NHL types (relative frequencies by %)

Characteristics

A) B-cell lymphoma (80-90% of NHL)

Involves B cells but also includes T cell rich large B-cell lymphoma; associated with hepatitis B and C virus.

Diffuse large B-cell lymphoma (DLBCL) (31%)

Lymphoma can be either primary lymph node disease or at extranodal (outside the lymph node) sites; associated with hepatitis C virus 

Follicular lymphoma (22%)

Lymphoma cells have a follicular growth pattern (ie, the cells tend to grow in a circular pattern in lymph nodes)

MALT lymphoma (mucosa-associated lymphoid tissue) (7.5%)

Extranodal marginal zone lymphoma of mucosa-associated lymphatic tissue; gastric (stomach) in origin but can occur in other areas of the body; associated with Helicobacter pylori (H. pylori) infection

Mantle cell lymphoma (6%)

Originates in the mantle zone of the lymph node; it is usually widespread at the time of diagnosis; associated with Borrelia burgdorferi

Burkitt’s Lymphoma (2.5%)

Rare in adults but accounts for 30% of childhood NHL in the United States. EBV is associated with the development of Burkitt's lymphoma.

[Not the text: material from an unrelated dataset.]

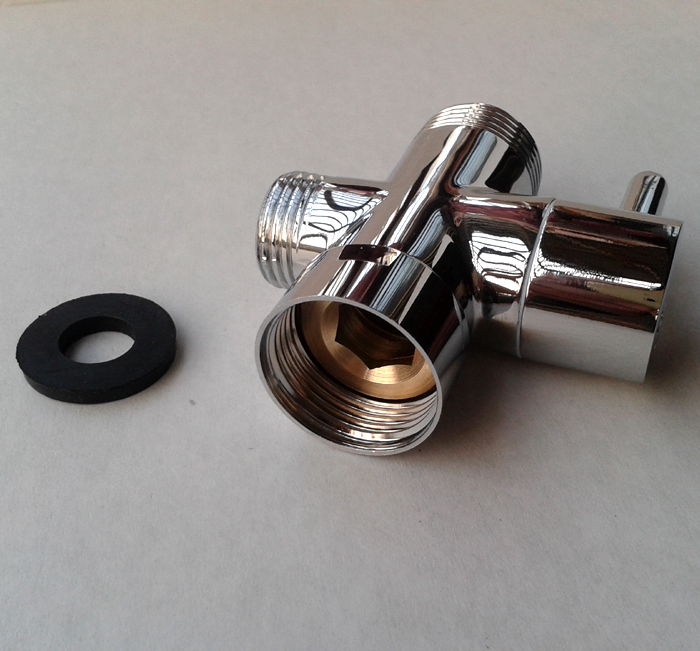 Durcheinander Europäischen 3/4 "Umsteller Vavle Verchromt Schlecht Zubehör Dusche einstellen Umsteller Adapter für wasserhahn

B) T- and NK-cell lymphomas (~12% of all NHL)

Several subtypes exist, including Sézary syndrome and mycosis fungoides (cutaneous T-cell lymphoma)

Mature T-cell lymphoma (7.6%)

Lymphoma cells have characteristics similar to T-cells; linked to human T-cell lymphotropic virus type 1; it is the most frequent T-cell lymphoma in the United States

Cutaneous T-cell lymphoma (2-3%)

This type of lymphoma includes mycosis fungoides and Sezary syndrome, and it may wax and wane over the course of several years, a characteristic that makes its diagnosis difficult

C) Immunodeficiency-associated lymphoproliferative disorders (relatively rare)

AIDS-associated lymphoma; posttransplantation lymphoproliferative disorder; and lymphoma associated with a primary immune disorder

The parenthetical percentages are approximate but provide perspective of the relative distribution of NHL subtypes.